La Mujer y el Tango.

Las actitudes, vivencias, de los individuos están condicionadas subjetivamente por las circunstancias históricas. Por la cultura dominante, en cada época. Que crea hábitos, costumbres. Así la mujer, postergada, denostada, en cuanto a lugar/es y reconocimiento, fue modificando su presencia en los círculos áulicos ciudadanos, de acuerdo a los cambios sociales suscitados.

Observada desde una de las vertientes culturales identitarias del río de la Plata, el tango, se advierte que desde el nacimiento del mismo, en 1870 hasta 1950, lapso en el que nacieron la mayor parte de los mismos, son pocas las mujeres que participaron de su creación, musical, poética o interpretación. Sin embargo estuvieron. El rol femenino fue herméticamente pasivo. Cuando cantaba interpretaba como hombre.
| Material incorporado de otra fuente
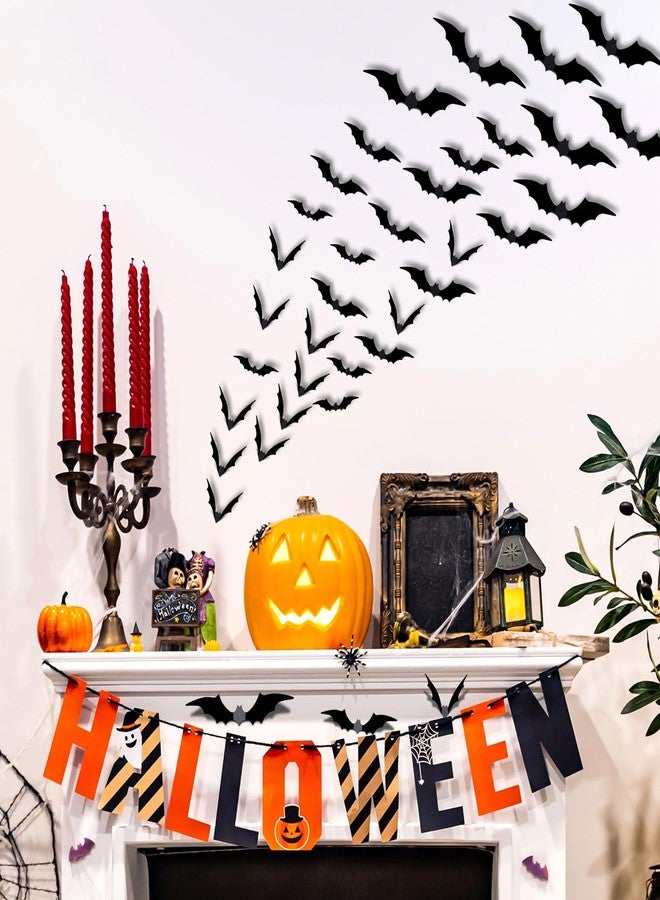 JCFIRE Bats Halloween Decorations Indoor, 120 Pcs Halloween Bats Wall Decor 4 Size PVC 3D Wall Scary Stickers DIY Party Decorations Outdoor Window Door Office Yard Home - Image 4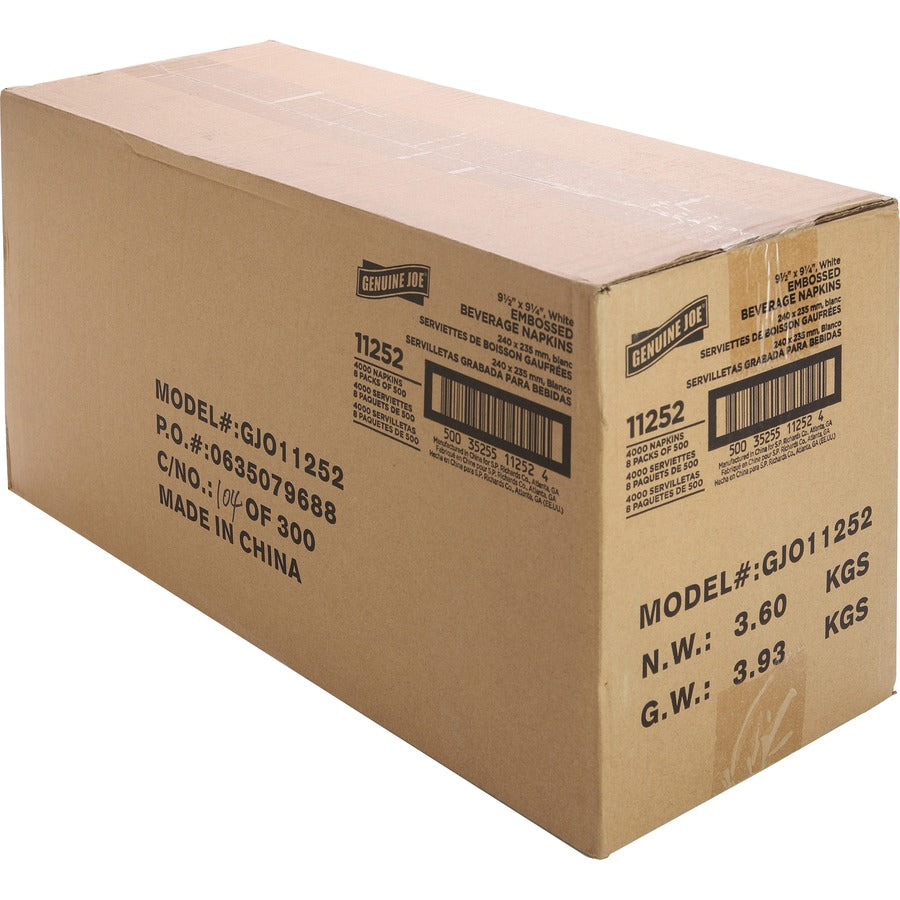 Genuine Joe Quad-fold Square Beverage Napkins (11252)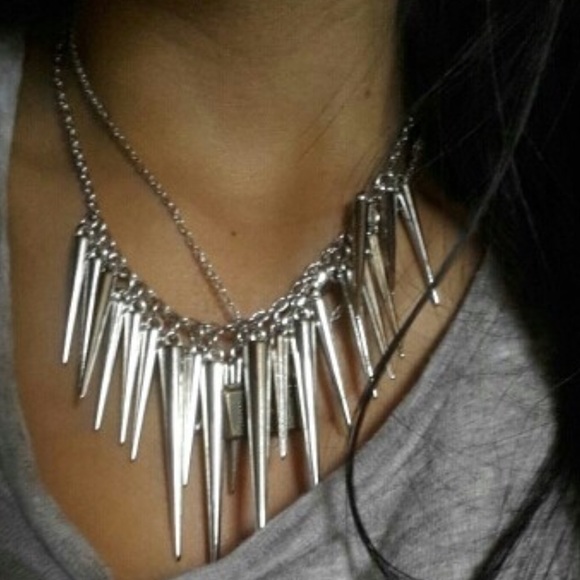 Silver Spike Necklace - Picture 3 of 3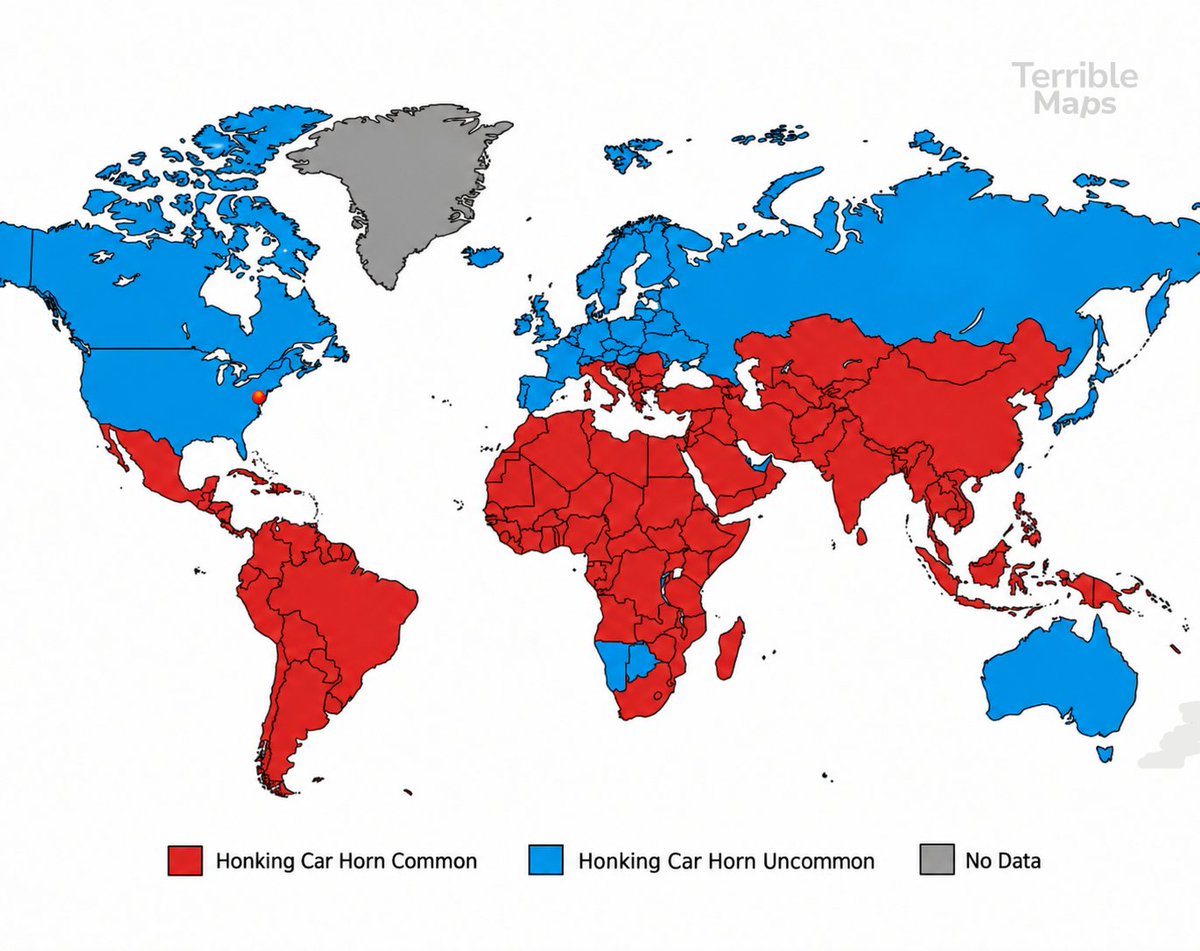 TerribleMaps's tweet photo. Where honking is common around the world https://t.co/rJhecmF27I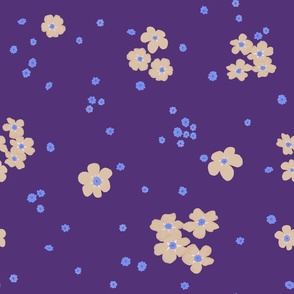 Cream Forget-me-not Flower on Purple | Medium Scale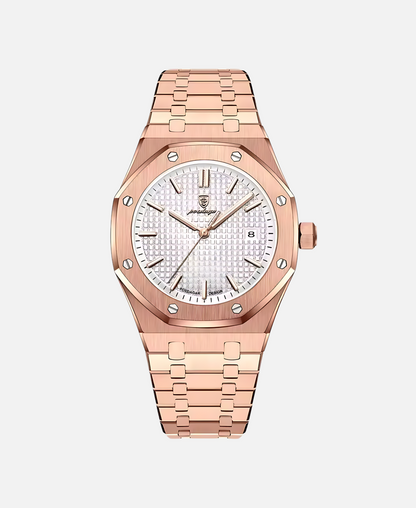 Herren Armbanduhr Edelstahl 41mm Elegant es Lederband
Es que el tango en los comienzos era sólo danza. Eran acompañantes o bailarinas, Joaquina (Marán), Laura Montserrat y tantas otras. En ciertos ámbitos y circunstancias, esta condición se unía al sexo. Se dejaba el milongón (en la orilla de enfrente, de las pensiones montevideanas) o la milonga de nuestras "casitas", para ser tango, con corte (con interrupción, por eso, quebrado) y luego tango canción.

El tango nacido en las orillas de la ciudad, en el arrabal, en los primeras tiempos se vincula al criollismo, enfatizado entonces por oposición a la contracultura, determinada por la presencia del cuplé y otros ritmos. El criollismo simboliza entonces lo bueno, lo auténtico. Lo correcto se "hace a la criolla".

La excepción, como autora de la música de varios tangos (El Maco, La rubia, La multa y otros) fue la baronesa Eloísa D’Erbil de Silva, casada con un diplomático. Como intérpretes, lo fueron Pepita Avellaneda (Josefa Calatti), Linda Thelma (Ermelinda Espinelli), André Vivianne, Flora Hortensia Rodríguez de Gobbi, Dolores (Lola) Candales, Raquel Meller (Francisca Márquez López), Lola Membrives y algunas tonadilleras.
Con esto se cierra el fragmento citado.